Popular Problems is by no means his final will. Cohen (lyrics) and collaborator Patrick Leonard (music) are already working on their third album together. “It will be called Unpopular Solutions …” he deadpans.
Popular Problems deals with serious problems too – and with the helplessness that comes with them. “I saw some people starving/ there was murder, there was rape/ Their villages were burning/ They were trying to escape/ I couldn’t meet their glances/ I was staring at my shoes…” goes the song Almost Like the Blues.
“Of course it reflects the world that we live in – I think one picks up these things from the atmosphere,” Cohen says. He has worked with many producers in his lifetime as a musician. There’s the great story about the notorious Phil Spector who produced, in his elaborate Wall of Sound style, Cohen’s 1977 album Death of a Ladies’ Man, a title that almost proved prophetic.
During the chaotic drug and booze-fuelled recording sessions there were guns everywhere. “Phil was beyond control,” Cohen tells Simmons in her book. During one session, at four in the morning, as Cohen was finally getting to sing, Spector came down from the control room with a bottle of alcohol in his left hand and a gun in his right.
Spector put his arm around Cohen and pushed the muzzle into the singer’s neck. “Leonard, I love you,” Spector said, cocking the trigger. “I hope you do, Phil,” Cohen replied. Needless to say, the recording of Popular Problems was a much calmer process. Style-wise it takes in gospel, blues and country. “That’s our music,” Cohen told the listening session.
“You don’t really want to reinvent the wheel so you take the forms that are available, you try to work with those. You know Pat’s palette is very wide – he brings a tremendous newness to the old forms.” The album is a wonderful listen. Cohen’s eight-decades-old and impossibly deep voice – here gravelly, there a tender whisper – doesn’t sound tired or world-weary. It simply sounds wise.

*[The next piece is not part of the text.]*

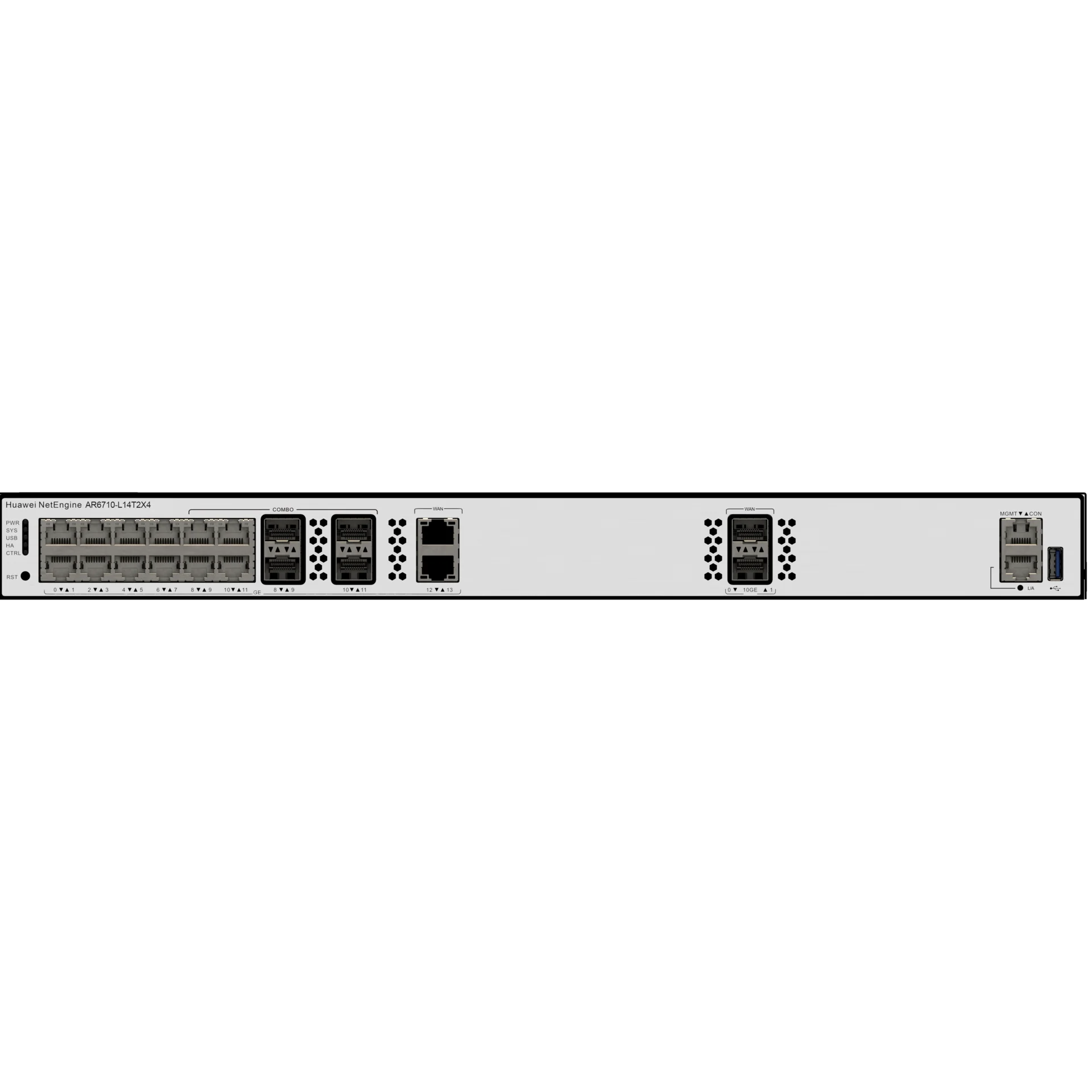 Маршрутизатор Huawei AR6710-L14T2X4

Ironically enough, we wouldn’t have been at the Canadian embassy if it were not for his former manager, Kelly Lynch, who stole $5-million from Cohen, forcing him back on the road after five years in a Zen Buddhist monastery in California. He’s been back on the road and has recorded a number of albums, because Lynch never repaid the money. Cohen has recouped the money over and over again.
“I love life on the road – it is a lot easier than civilian life, it’s like a motorcycle gang,” he says to peals of laughter. “It’s a lot easier than this – there’s a band behind you.” Cohen is a prophet truly honoured in his own land. He remains patriotic even though he has lived outside Canada for large parts of his life.

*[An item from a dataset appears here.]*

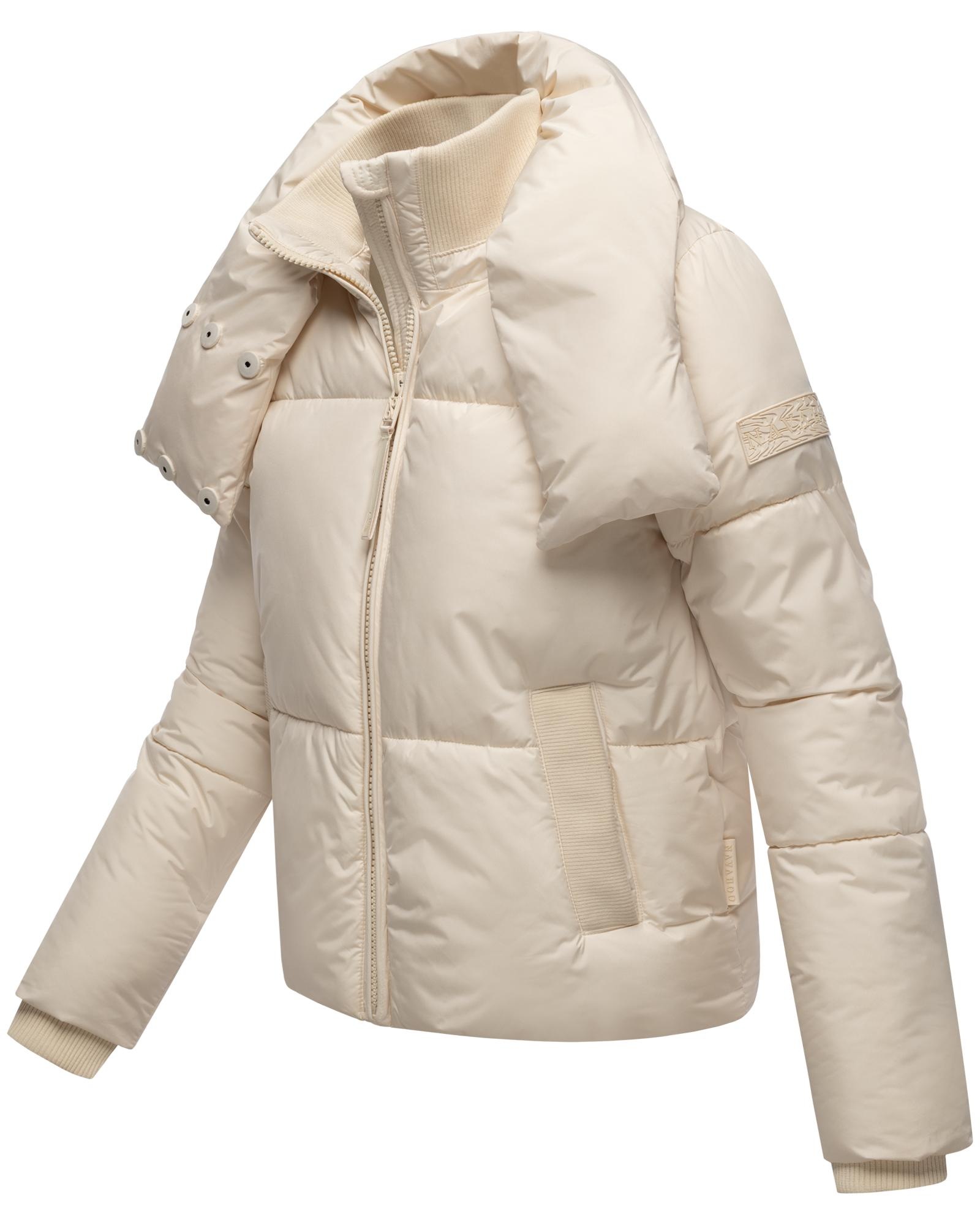 Navahoo Outdoorjacke "Traumelfe 14", ohne Kapuze, Winter Steppjacke mit hoh günstig online kaufen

“Canadians are very involved in their country,” he explains. “We grow up on the edge of America – and we watch America in the way that women watch men … very, very carefully!” he adds, eliciting another round of laughter.
“So when there’s this continual political and cultural challenge right on the edge of your lives, of course it makes you adopt a sense of solidarity.” A journalist asks him: “Two years ago, you said that you would start smoking again at 80?”

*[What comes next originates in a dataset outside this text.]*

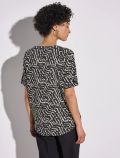 Camicia manica corta Street One - nero - 4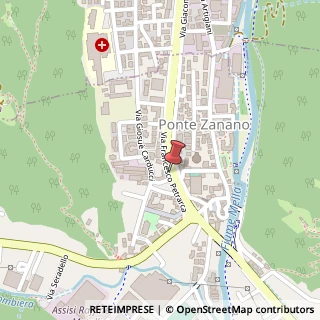 Mappa Via Francesco Petrarca,  79, 25068 Sarezzo, Brescia (Lombardia)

“Yes.” Brief pause. “Has anybody got a cigarette? There are so few places you can smoke now … I’m going to be 80 in a couple of days. I smoked for 50 years or so, gave it up 10 or 15 years ago, and I really liked smoking and I think about it a lot.” The master of drollness and the perfect pause idles for a second, and then: “I’m thinking about it right now!”
How is he going to spend his 80th on Sunday? “Our family hardly celebrate birthdays or anniversaries so everybody is kind of let off the hook – if you forget somebody’s birthday or celebrations there are no penalties. So it may go by like any other day … I may have a smoke.”